From the American Revolution to Hamilton The Musical: American Literature and Social Protest

ENGL 189H (English)

No.: **** Section: 035 9:30-10:45a, Tu Th
ANDR 116 Professor Kelly Payne ACE 5

Course description

This class examines the rich and diverse tradition of social protest literature in the U.S. Together we will read and examine social protest literature by prominent Americans from the 18th century to our present day. Along the way, we will look at writings that treat a diverse range of social movements and perspectives: from Abigail Adams bold appeal for women’s rights in 1776 to the writings of Frederick Douglass and Harriet Jacobs on their escape from slavery, from the government’s removal of Native American children from their homes and forced relocation to Indian boarding schools in the 1880s to W. E. B. Du Bois’ argument for equal access to education for African Americans in the early 20th century, from the Civil Rights movements for black, LGBT, and women’s rights in the mid-20th century to Black Lives Matter today.

Books: [N.B. this reading list may change] selections from the anthology: American Protest Literature (2008); Harriet Beecher Stowe’s Uncle Tom’s Cabin (1852); W. E. B. Du Bois’ The Souls of Black Folk (1903); Upton Sinclair’s The Jungle (1906); Tilly Olsen’s Silences (1962); Louise Erdrich’s The Round House (2013); Audre Lorde’s Zami: A New Spelling of My Name – A Biomythography (1982); Claudia Rankine’s Citizen: An American Lyric (2014); and Hamilton: The Musical (2016).

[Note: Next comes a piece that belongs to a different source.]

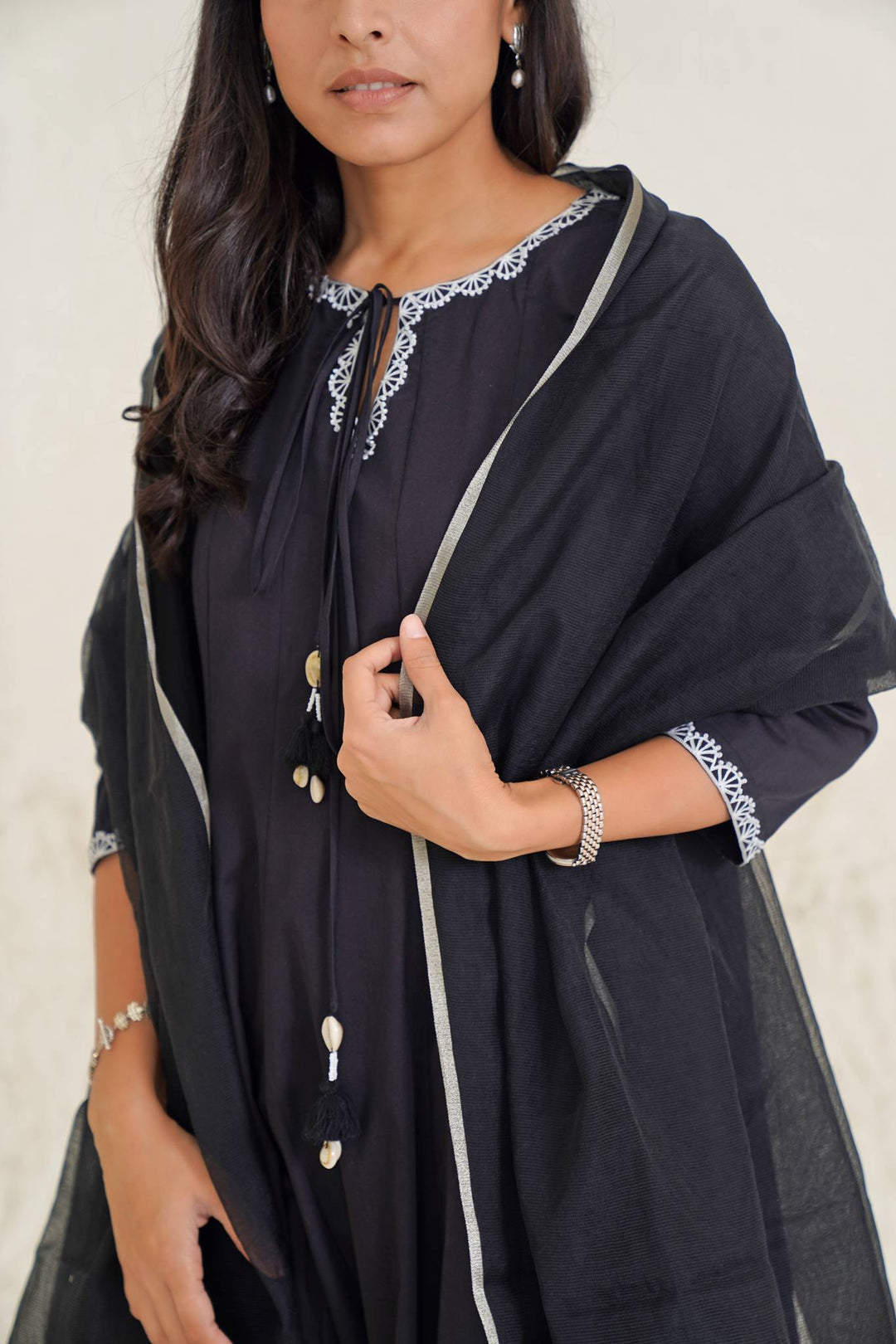 Olive Black Kurta with Pegged Pants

Post-War British Culture: Punks and Authoritarians

ENGL 189H (English)

No.: **** Section: 040 11:00-12:15p, Tu Th
ANDR 27 Professor Guy Reynolds ACE 5

Course description

This class will introduce students to some of the most notorious British novels and films of the last seven decades, all of which center on the use and misuse of authority, and the encounters between what often seemed a very stuffy culture and rebellious outsiders who questioned its values. We will begin with George Orwell’s 1984, move on to Anthony Burgess’s ‘A Clockwork Orange’ and then move on to works as varied and intriguing as Alan Moore’s graphic novel V for Vendetta and Shane Meadows’s film, This is England. The class will center on fiction, but there will be excursions into the worlds of film and graphic novels and theoretical writings about popular /street culture and fashion.

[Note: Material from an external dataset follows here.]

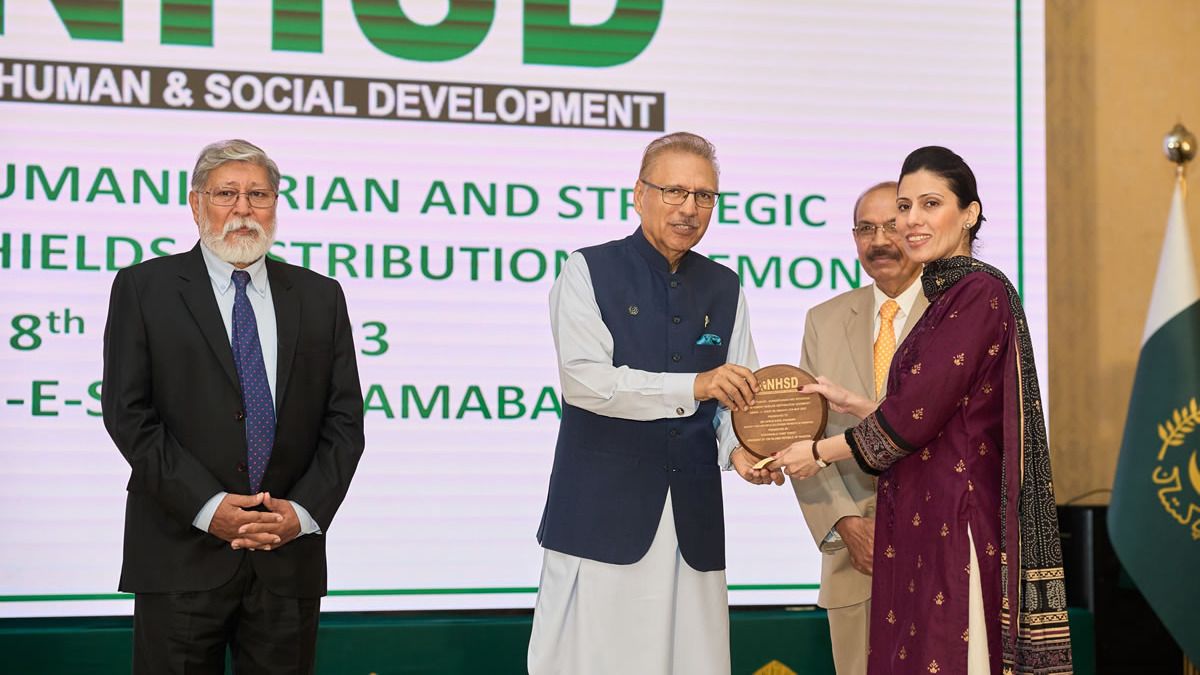 Honored to receive the Humaniratian Achievement Award by the President of Pakistan, Dr. Arif Alvi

Sanaa: The Literature & Art of Africa’s Cities


No.: **** Section: 050 12:30-1:20p, MWF
ANDR 114 Professor Nganga Muchiri ACE 5

Course description

In this course we’ll be particularly interested in pursuing a critique of the production of images that are easily recognizable as “African” – war, poverty, famine, etc. Why is Africa repeatedly approached as the “always already” known, understood, or assumed? What does it mean to “know” Africa? Do Africans have the ultimate claim to “knowing” the continent? Hence, our point of departure is inquiries that metropolitan Africa invites, or those we might raise. While our journey may help us arrive at answers, the primary focus of the class is learning how to ask profound, interesting, and creative questions that advance our understanding of the continent’s urban life. Throughout the semester, we will interrogate, and listen to, a variety of African voices. Cities in Africa offer both a high concentration of cultural production and a wide variety of individual expression. So, for instance, music will not only serve as a background to our writing exercises, but also as a primary source that we examine and read closely. Other urban voices we examine include: novels, short stories, and photography. Some of these artistic pieces echo each other, but more often than not they argue, debate, and disagree. We will analyze how these declarations borrow from each other, and continuously create novel artistic forms and genres. Finally, the course will ask students to reflect on the role of the imagination in creating, and interpreting, knowledge about an “other.”

Art and the Search for Meaning in American Life


No.: **** Section: 060 2:00-3:15p, Tu Th
ANDR 27 Professor Maureen Honey ACE 5

Course description

We will read and discuss literary and visual works on American life from the Civil War to the present day. Along the way, we’ll look at writers and artists who show us diverse aspects of American life, from survival on the frontier of Alaska via Jack London to pioneering in Nebraska via Willa Cather, from the jazz age of F. Scott Fitzgerald to recent stories of American life. We will look at visual art and poetry, fiction and memoir, the creative work of class members and prominent voices in American literature. Creativity and art will be at the center of the course, both that of students and of American artists. This is a discussion course and there will be an emphasis on writing and critical thinking. Each student will give a presentation on creativity in his or her life and construct a creative project.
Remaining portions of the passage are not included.